## PROMPT
Each line below must be transcribed exactly, and no picture may appear in the transcription.

++++++++++++++++++++

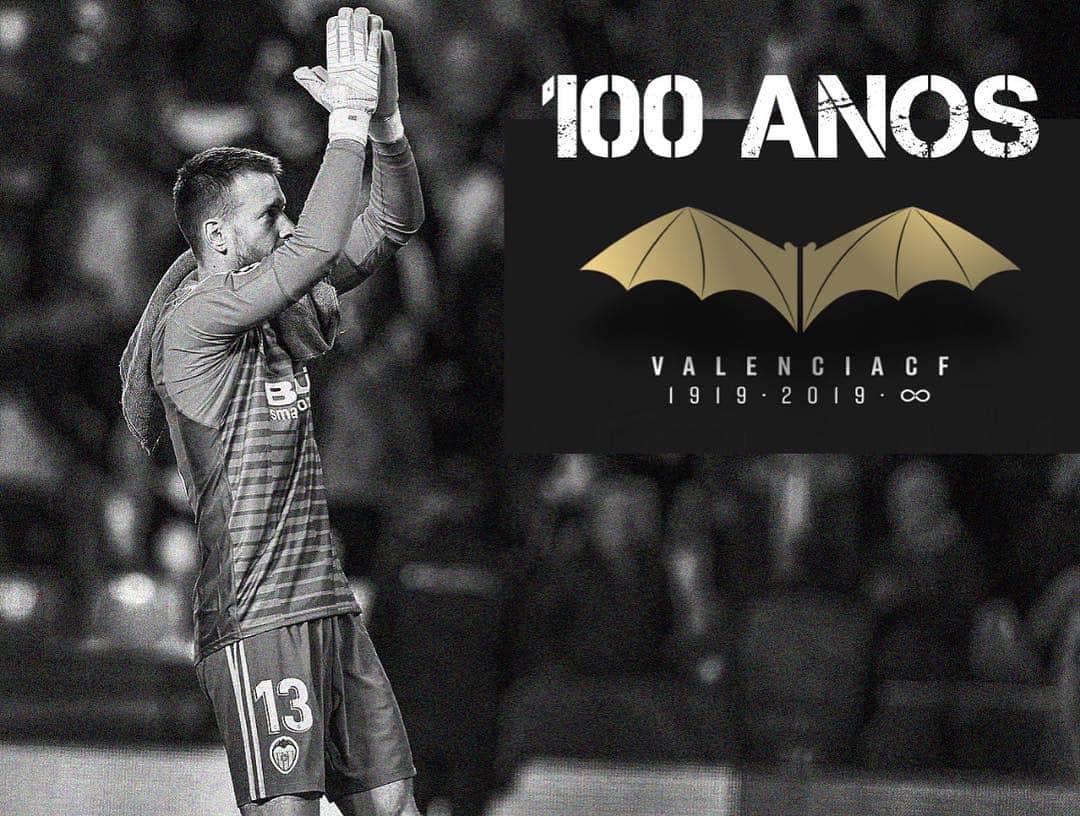 ノルベルト・ムラーラ・ネトのインスタグラム：「Orgullós per ser part de la història d’aquest club que vull molt, enhorabona pels 100 anys Valencia 🦇 #amunt #centenario」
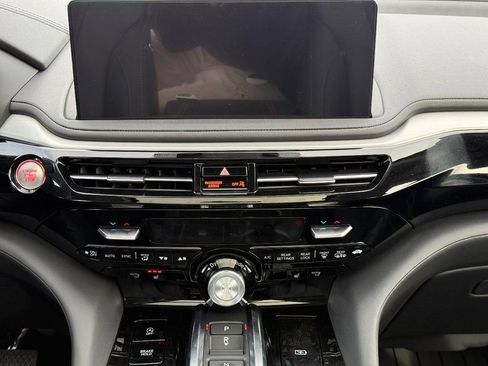 Certified 2026 Acura MDX SH-AWD w/ Technology Package image 10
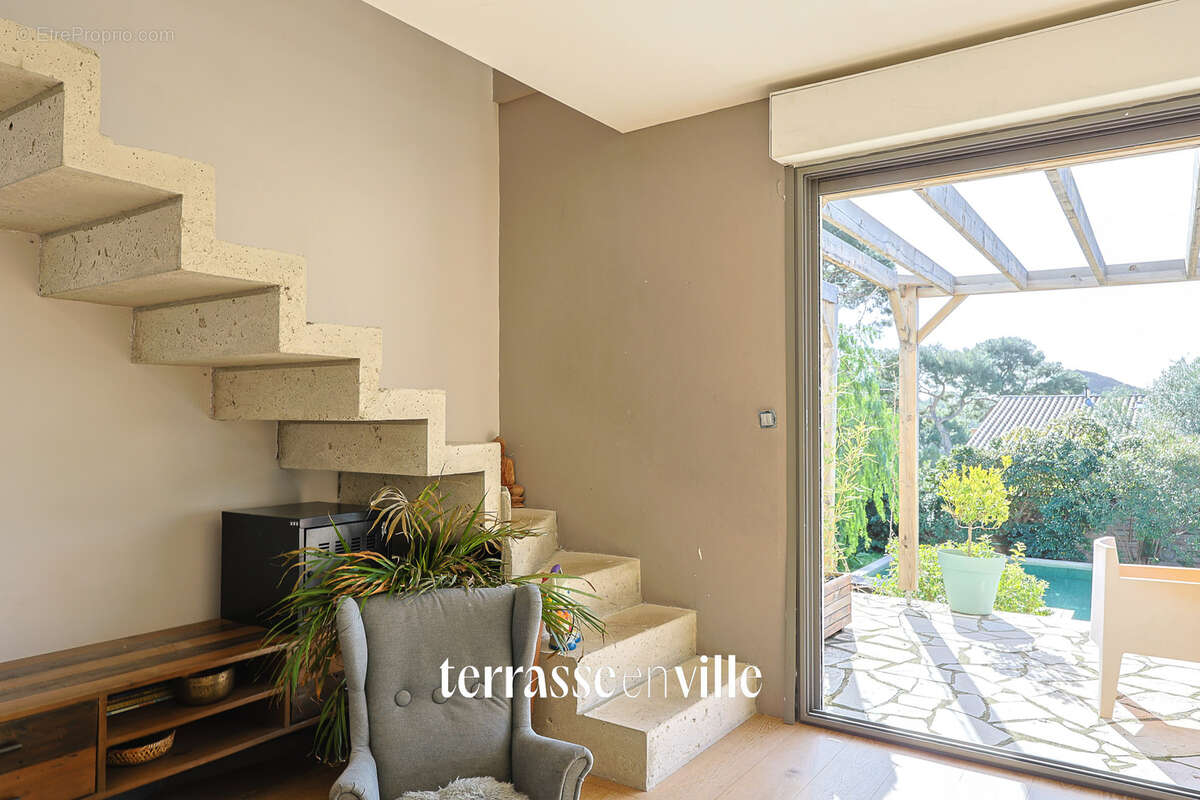 La ciotat - figuerolles - maison familiale - t6 - 204 m2 + t2 40 m2 - piscine - parcelle 1041m2 - vue mer - 1 - photo 23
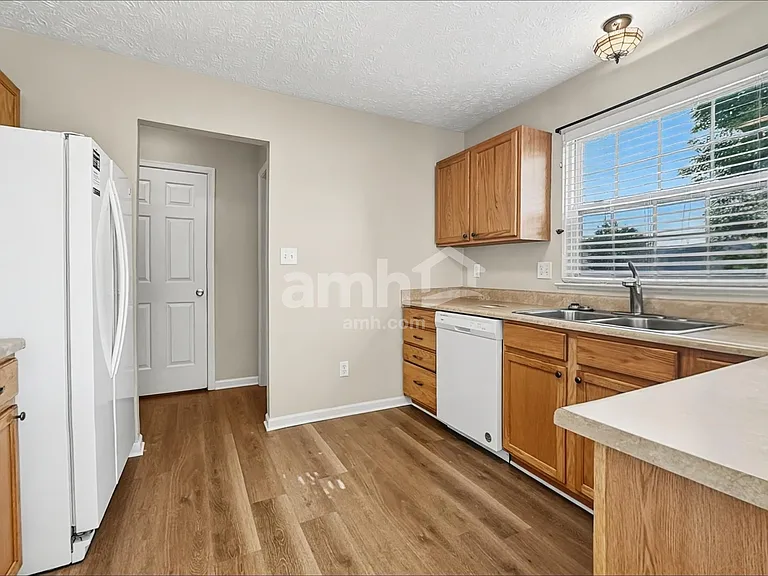 5686 Appaloosa Cir — Photo 3
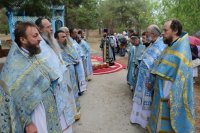 2-В десятую годовщину возобновления паломничества архиепископ Амфилохий возглавил служение Божественной Литургии на Святом ключе близ Семипалатинска
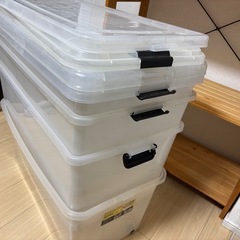 キャスター付き収納ケース4個セットの画像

++++++++++++++++++++

## RESPONSE
 ノルベルト・ムラーラ・ネトのインスタグラム：「Orgullós per ser part de la història d’aquest club que vull molt, enhorabona pels 100 anys Valencia 🦇 #amunt #centenario」
 Certified 2026 Acura MDX SH-AWD w/ Technology Package image 10
 La ciotat - figuerolles - maison familiale - t6 - 204 m2 + t2 40 m2 - piscine - parcelle 1041m2 - vue mer - 1 - photo 23
 5686 Appaloosa Cir — Photo 3
 2-В десятую годовщину возобновления паломничества архиепископ Амфилохий возглавил служение Божественной Литургии на Святом ключе близ Семипалатинска
 キャスター付き収納ケース4個セットの画像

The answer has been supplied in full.